Hyperbole and cheap shots are all-too-easy – what about the more difficult unanswered questions?
Why has Abu Qatada not stood trial in the UK?
We’re continually told he poses a grave threat to national security. Yet an entire decade after he was first detained in Belmarsh Prison, why has he still not faced criminal charges?
This is a man accused by MI5 of inciting terrorist acts during his ten years in Britain. Why hasn’t sufficient evidence against him been gathered by now?
Forget the age-old debate about why the Government won’t allow intercept
evidence in criminal trials. The last time we checked incitement and soliciting
murder were still very serious offences in this country. If the allegations are
true he should be put in the dock without delay. But as the Attorney General has
identified, we don’t believe in indefinite internment without trial in the
UK and you can’t just set aside the
Rule of Law and lock people up without charge instead.
So what is the problem?
Is it that pursuing Qatada in open court would embarrass the security agencies who dismissed suggestions Qatada was the “spiritual head of the mujahideen in Britain” when he arrived as a refugee in 1994 and said he wasn’t dangerous?
A trial might also revisit the uncomfortable CIA capture of two British residents in Gambia in 2002, leading to their rendition to Guantanamo. Maybe the Government previously felt deportation would avoid this awkwardness and ultimately prove “easier”. What about now?
If Jordan cannot guarantee that torture evidence won’t be used against Qatada why not try him here for crimes committed in that country?
Torture is abhorrent; its
prohibition under every norm of decency at home and abroad is non-negotiable.
The Court of Human Rights has shown understandable concern about Jordanian law
in ruling that Qatada cannot be deported there – torture, and evidence obtained
that way, is widespread. So why is the
Government now pondering an appeal against the Strasbourg ruling?
Our ministers
cannot champion human rights in the Arab Spring and then condone torture by
persevering with attempts to expel Qatada back to Jordan.

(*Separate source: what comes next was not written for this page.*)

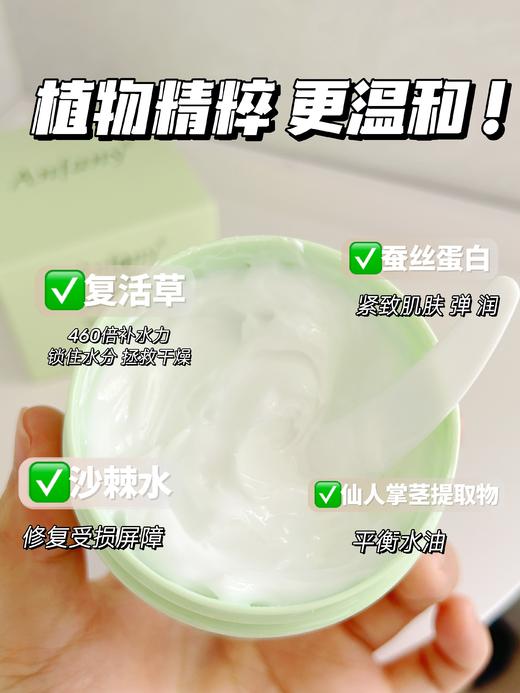 🤗保持水润Q弹开挂神器👉「Anfany伊芳妮复活草涂抹式面膜」✨ 「复活草」🌿「仙人掌茎🌵提取物」多种强补水植物 商品图1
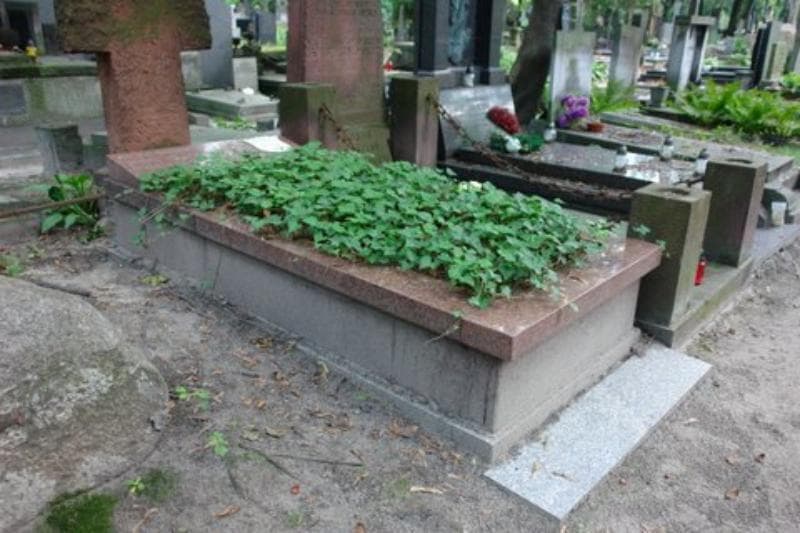 Zdjęcie grobu Maciek Iwanowski (1)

The UK asserts the right to try suspects
for the gravest crimes
anywhere in the world in our courts. Isn’t it time to exercise
that prerogative? If there is sound untainted evidence against him
Qatada should be tried in a British court. If
the threat he poses is so grave surely that would be preferable to sending him
back to an unsafe
Middle Eastern kingdom anyway?
Politicians are very good at pleading to the “Court of public opinion” - why won’t they trust a jury of twelve ordinary people to decide this man’s case in a British court?